Task instructions: Each line below from the one containing "Main View of" through the one containing "KM8SM4HF4HU206418" is to be given again exactly, and no line outside that span.

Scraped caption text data
※

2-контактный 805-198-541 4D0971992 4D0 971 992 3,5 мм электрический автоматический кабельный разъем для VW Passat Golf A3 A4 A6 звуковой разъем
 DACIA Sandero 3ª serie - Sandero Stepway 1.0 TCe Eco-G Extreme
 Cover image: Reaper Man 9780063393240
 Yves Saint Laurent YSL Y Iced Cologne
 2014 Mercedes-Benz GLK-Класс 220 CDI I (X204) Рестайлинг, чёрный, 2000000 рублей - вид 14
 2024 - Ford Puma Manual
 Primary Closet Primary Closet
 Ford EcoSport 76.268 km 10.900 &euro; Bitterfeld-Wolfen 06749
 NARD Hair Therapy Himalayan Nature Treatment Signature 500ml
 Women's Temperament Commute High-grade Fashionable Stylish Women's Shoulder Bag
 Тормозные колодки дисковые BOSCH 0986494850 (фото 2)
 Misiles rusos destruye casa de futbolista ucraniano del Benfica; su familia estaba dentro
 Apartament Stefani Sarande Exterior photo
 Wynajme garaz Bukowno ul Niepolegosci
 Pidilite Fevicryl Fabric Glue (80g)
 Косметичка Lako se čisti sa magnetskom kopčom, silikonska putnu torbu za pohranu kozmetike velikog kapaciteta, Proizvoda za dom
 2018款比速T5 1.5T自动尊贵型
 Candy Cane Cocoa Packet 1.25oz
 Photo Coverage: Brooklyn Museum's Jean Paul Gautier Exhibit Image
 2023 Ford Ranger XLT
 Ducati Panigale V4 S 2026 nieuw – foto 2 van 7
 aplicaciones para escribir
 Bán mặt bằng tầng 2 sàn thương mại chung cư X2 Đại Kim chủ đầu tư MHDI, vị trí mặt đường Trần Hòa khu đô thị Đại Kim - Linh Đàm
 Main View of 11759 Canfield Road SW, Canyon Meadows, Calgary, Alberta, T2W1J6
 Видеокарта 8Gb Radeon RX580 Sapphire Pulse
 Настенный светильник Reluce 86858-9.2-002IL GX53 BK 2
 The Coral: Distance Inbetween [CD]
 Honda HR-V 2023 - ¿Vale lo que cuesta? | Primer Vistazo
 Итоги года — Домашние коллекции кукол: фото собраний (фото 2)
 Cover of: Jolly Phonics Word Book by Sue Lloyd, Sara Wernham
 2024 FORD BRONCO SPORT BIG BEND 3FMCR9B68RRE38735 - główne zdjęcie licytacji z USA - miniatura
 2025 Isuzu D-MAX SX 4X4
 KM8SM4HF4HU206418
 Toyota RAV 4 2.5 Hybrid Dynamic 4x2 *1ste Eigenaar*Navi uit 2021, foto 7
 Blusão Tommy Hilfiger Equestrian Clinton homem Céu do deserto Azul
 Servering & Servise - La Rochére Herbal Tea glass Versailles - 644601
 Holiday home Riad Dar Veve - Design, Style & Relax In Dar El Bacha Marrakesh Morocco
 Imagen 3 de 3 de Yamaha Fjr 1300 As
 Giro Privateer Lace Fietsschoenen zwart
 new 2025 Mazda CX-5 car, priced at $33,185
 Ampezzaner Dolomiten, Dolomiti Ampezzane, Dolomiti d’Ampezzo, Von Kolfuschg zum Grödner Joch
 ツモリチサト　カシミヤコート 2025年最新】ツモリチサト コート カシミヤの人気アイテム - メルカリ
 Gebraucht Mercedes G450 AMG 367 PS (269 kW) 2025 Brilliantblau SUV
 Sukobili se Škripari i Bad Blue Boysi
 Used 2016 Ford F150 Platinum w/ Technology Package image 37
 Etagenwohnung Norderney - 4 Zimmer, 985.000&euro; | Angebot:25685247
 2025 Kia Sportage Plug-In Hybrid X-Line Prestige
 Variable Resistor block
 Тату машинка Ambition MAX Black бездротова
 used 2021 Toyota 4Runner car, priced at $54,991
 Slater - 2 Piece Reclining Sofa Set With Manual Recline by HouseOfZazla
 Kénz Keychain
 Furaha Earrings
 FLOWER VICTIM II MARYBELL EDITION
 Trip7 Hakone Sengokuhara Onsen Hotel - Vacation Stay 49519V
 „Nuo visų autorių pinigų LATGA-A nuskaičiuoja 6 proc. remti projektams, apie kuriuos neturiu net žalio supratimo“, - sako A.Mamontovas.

※

Response:
 Main View of 11759 Canfield Road SW, Canyon Meadows, Calgary, Alberta, T2W1J6
 Видеокарта 8Gb Radeon RX580 Sapphire Pulse
 Настенный светильник Reluce 86858-9.2-002IL GX53 BK 2
 The Coral: Distance Inbetween [CD]
 Honda HR-V 2023 - ¿Vale lo que cuesta? | Primer Vistazo
 Итоги года — Домашние коллекции кукол: фото собраний (фото 2)
 Cover of: Jolly Phonics Word Book by Sue Lloyd, Sara Wernham
 2024 FORD BRONCO SPORT BIG BEND 3FMCR9B68RRE38735 - główne zdjęcie licytacji z USA - miniatura
 2025 Isuzu D-MAX SX 4X4
 KM8SM4HF4HU206418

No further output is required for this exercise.